These gains stem from co-designing OBL-DE enhancements for RSS-localization physics, not merely applying OBL to DE.
While generic OBL-DE studies exist (as noted), our work is the first to:
- Embed adaptive scaling and boundary-driven penalties into DE for RSS-localization.
- Validate superiority in dynamic indoor robotics (food delivery scenario, Sec. 5.1).
- Outperform state-of-the-art localization-specific algorithms (SDP, WLS, DEOR) under hardware-realistic conditions.
Finally, following your suggestions, we have incorporated the seminal literature you mentioned into our references to strengthen the theoretical foundation of this work.
- Ahandani, M.A. “Opposition-based learning in the shuffled bidirectional differential evolution algorithm,” Swarm Evol. Comput., vol. 26, pp. 64–75, 2016.
- Ahandani, M.A.; Alavi-Rad, H. “Opposition-based learning in the shuffled differential evolution algorithm,” Soft Comput., vol. 16, no. 8, pp. 1303–1337, 2012.
- Rahnamayan, S.; Tizhoosh, H.R.; Salama, M.M.A. “Opposition-Based Differential Evolution Algorithms,” Proc. IEEE Int. Conf. Evol. Comput., pp. 2010–2017, 2006.

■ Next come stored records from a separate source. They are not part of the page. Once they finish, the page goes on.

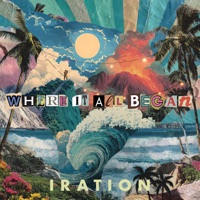 Where It All Began - Iration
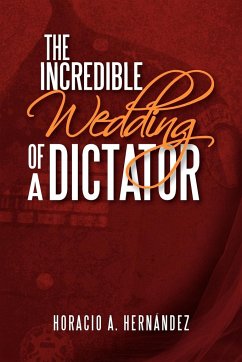 The Incredible Wedding of a Dictator - Hernandez, Horacio A.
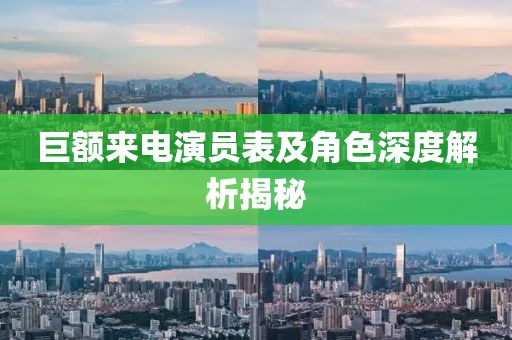 巨额来电演员表及角色深度解析揭秘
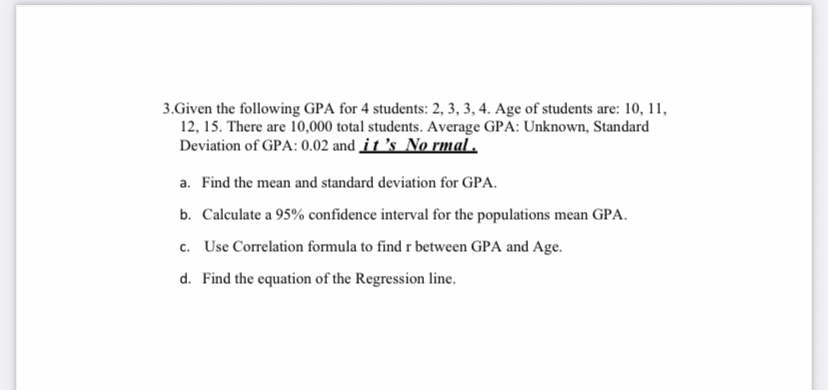 3.Given the following GPA for 4 students: 2, 3, 3, 4. Age of students are: 10, 11, 12, 15. There are 10,000 total students. Average GPA: Unknown, Standard Deviation of GPA: 0.02 and it 's No rmal .
a. Find the mean and standard deviation for GPA.
b. Calculate a 95% confidence interval for the populations mean GPA.
c. Use Correlation formula to find r between GPA and Age.
d. Find the equation of the Regression line.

- Wang, W.; Wang, H.; Sun, H.; Rahnamayan, S. “Using opposition-based learning to enhance differential evolution: A comparative study,” Proc. IEEE Congr. Evol. Comput. (CEC), pp. 71–77, 2016.
Thank you for highlighting this opportunity to articulate our contributions more precisely.
Comments 2: The parameters of the experiment are not clear, please give them.
Response 2: Thank you for this valuable suggestion. We fully agree that explicit parameter documentation is essential for reproducibility. To address this concern comprehensively:
(1) We have added a dedicated parameter table (Table 1) in Section 4 of the revised manuscript, consolidating all experimental settings.
(2) The table distinguishes between:
- Optimized parameters (determined via sensitivity analysis in Sec. 4)
- Fixed parameters (standardized for benchmarking)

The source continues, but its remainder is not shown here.